Scraped caption text data –
^^^^
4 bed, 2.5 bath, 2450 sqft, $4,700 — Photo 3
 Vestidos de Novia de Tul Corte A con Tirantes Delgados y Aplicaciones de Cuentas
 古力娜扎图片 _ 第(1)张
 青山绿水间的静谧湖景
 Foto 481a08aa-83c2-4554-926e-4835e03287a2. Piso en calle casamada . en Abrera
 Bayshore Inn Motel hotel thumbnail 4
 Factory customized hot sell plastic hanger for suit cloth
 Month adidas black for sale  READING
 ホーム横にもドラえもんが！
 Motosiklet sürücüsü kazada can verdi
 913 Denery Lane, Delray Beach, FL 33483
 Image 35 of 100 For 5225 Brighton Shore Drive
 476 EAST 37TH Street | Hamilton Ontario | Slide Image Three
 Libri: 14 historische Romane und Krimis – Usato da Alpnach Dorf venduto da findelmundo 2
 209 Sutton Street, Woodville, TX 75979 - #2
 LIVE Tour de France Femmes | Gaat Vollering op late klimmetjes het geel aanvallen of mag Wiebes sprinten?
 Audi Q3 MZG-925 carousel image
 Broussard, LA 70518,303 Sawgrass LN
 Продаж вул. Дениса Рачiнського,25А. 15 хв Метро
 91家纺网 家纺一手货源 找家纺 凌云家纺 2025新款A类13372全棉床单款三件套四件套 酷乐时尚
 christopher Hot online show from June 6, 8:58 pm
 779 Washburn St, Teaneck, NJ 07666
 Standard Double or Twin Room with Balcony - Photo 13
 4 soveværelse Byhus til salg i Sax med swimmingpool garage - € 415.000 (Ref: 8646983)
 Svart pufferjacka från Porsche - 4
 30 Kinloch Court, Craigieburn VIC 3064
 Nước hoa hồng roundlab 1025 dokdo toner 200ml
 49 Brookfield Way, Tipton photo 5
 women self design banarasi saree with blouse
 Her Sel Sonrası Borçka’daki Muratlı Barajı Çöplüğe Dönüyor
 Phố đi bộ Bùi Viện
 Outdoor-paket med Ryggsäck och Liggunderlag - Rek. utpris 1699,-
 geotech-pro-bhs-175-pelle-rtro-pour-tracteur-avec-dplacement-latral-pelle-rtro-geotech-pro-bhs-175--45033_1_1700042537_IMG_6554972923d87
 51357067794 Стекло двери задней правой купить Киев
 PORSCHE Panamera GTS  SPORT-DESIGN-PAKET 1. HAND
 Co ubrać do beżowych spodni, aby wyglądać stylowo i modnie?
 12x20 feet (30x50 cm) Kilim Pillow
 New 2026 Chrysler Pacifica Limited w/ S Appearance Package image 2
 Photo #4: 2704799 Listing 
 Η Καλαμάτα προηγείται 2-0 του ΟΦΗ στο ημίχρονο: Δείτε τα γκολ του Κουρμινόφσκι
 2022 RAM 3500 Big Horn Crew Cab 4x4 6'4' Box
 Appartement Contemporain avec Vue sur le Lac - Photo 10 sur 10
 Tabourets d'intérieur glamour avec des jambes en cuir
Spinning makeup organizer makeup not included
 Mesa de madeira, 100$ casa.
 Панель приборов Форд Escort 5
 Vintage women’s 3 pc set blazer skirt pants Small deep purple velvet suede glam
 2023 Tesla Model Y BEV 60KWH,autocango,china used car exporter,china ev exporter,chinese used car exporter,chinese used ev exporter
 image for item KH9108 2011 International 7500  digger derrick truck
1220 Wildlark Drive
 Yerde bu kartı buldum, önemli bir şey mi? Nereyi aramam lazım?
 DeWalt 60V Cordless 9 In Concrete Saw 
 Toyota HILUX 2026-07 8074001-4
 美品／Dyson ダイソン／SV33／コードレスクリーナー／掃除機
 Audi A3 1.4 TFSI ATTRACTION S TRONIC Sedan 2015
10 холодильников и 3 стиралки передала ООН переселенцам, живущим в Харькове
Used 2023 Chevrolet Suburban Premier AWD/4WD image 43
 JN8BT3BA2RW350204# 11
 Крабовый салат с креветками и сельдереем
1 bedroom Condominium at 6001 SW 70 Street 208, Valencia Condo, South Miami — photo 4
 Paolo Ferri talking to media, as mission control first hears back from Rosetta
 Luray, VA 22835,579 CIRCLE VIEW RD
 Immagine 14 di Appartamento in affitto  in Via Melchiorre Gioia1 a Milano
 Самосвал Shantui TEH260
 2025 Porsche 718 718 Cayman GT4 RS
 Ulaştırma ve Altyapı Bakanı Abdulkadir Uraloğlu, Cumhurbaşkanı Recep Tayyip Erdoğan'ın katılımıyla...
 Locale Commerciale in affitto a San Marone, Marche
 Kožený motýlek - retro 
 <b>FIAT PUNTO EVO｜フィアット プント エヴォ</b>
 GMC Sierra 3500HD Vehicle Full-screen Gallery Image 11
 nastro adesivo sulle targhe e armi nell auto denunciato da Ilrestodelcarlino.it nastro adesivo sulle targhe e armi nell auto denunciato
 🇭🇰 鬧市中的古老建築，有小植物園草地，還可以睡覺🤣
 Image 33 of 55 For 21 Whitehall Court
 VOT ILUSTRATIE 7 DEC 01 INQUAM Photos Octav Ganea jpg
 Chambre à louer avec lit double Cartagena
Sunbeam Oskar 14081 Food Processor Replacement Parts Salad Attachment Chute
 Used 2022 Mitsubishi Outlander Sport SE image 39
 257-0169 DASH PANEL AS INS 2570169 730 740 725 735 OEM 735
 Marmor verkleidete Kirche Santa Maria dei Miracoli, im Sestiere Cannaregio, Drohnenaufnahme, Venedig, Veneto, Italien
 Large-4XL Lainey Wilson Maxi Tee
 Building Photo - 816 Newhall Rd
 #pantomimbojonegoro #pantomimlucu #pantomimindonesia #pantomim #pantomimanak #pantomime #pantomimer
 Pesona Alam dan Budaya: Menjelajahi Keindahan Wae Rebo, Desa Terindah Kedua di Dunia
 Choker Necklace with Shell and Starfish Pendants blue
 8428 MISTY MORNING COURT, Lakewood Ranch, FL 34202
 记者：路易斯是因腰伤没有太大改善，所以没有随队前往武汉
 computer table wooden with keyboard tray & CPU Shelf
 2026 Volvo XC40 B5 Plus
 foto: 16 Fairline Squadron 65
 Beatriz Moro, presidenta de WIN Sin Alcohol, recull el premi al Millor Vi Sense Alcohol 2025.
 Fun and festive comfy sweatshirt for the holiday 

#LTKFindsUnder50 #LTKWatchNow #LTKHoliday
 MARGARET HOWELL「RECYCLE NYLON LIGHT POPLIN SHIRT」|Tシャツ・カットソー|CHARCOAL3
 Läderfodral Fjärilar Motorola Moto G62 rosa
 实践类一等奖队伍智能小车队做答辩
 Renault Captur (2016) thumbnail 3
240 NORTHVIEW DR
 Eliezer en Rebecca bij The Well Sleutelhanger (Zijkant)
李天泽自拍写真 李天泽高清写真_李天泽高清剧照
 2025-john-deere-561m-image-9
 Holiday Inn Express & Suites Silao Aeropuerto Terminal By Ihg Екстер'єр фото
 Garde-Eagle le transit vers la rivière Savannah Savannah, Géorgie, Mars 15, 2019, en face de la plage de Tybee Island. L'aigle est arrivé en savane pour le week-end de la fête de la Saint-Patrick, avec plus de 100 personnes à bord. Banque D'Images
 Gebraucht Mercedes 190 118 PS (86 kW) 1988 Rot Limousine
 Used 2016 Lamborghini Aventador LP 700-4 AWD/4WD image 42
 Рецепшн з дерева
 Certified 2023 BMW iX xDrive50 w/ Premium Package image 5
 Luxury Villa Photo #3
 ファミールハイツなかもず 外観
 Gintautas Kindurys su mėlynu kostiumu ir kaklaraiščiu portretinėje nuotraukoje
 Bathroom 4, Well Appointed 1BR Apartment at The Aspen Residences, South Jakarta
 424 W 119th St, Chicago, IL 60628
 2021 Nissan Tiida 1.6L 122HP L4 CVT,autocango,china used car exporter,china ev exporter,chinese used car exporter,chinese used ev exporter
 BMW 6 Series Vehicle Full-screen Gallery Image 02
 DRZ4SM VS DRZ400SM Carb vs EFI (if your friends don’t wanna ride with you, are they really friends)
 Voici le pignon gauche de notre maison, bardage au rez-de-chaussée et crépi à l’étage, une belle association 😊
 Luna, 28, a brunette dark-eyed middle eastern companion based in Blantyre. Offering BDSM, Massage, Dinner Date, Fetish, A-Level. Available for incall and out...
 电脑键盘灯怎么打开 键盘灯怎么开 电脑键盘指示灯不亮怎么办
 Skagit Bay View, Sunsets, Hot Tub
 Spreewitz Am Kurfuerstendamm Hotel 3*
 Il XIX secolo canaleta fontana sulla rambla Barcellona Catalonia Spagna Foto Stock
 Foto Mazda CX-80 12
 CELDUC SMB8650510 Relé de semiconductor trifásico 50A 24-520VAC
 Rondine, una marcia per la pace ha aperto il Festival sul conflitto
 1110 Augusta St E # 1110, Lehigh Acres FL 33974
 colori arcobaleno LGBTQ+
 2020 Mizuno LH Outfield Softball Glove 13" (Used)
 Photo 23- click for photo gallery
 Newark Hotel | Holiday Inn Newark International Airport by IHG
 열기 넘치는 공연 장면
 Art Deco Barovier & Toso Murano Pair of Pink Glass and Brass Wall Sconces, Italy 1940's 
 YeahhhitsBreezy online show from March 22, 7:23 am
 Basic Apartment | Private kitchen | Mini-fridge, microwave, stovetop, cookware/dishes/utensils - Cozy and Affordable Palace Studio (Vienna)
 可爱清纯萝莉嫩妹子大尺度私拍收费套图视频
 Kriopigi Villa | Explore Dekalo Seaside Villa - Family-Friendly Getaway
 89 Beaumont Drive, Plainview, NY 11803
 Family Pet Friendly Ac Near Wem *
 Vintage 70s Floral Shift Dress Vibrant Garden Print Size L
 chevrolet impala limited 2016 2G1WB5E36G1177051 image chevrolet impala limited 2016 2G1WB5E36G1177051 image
^^^^
What this task involves – From the records above, extract exactly and only the lines that begin at the line with "2023 Tesla Model" and stop after the line with "GMC Sierra 3500HD".

Answer area –
 2023 Tesla Model Y BEV 60KWH,autocango,china used car exporter,china ev exporter,chinese used car exporter,chinese used ev exporter
 image for item KH9108 2011 International 7500  digger derrick truck
1220 Wildlark Drive
 Yerde bu kartı buldum, önemli bir şey mi? Nereyi aramam lazım?
 DeWalt 60V Cordless 9 In Concrete Saw 
 Toyota HILUX 2026-07 8074001-4
 美品／Dyson ダイソン／SV33／コードレスクリーナー／掃除機
 Audi A3 1.4 TFSI ATTRACTION S TRONIC Sedan 2015
10 холодильников и 3 стиралки передала ООН переселенцам, живущим в Харькове
Used 2023 Chevrolet Suburban Premier AWD/4WD image 43
 JN8BT3BA2RW350204# 11
 Крабовый салат с креветками и сельдереем
1 bedroom Condominium at 6001 SW 70 Street 208, Valencia Condo, South Miami — photo 4
 Paolo Ferri talking to media, as mission control first hears back from Rosetta
 Luray, VA 22835,579 CIRCLE VIEW RD
 Immagine 14 di Appartamento in affitto  in Via Melchiorre Gioia1 a Milano
 Самосвал Shantui TEH260
 2025 Porsche 718 718 Cayman GT4 RS
 Ulaştırma ve Altyapı Bakanı Abdulkadir Uraloğlu, Cumhurbaşkanı Recep Tayyip Erdoğan'ın katılımıyla...
 Locale Commerciale in affitto a San Marone, Marche
 Kožený motýlek - retro 
 <b>FIAT PUNTO EVO｜フィアット プント エヴォ</b>
 GMC Sierra 3500HD Vehicle Full-screen Gallery Image 11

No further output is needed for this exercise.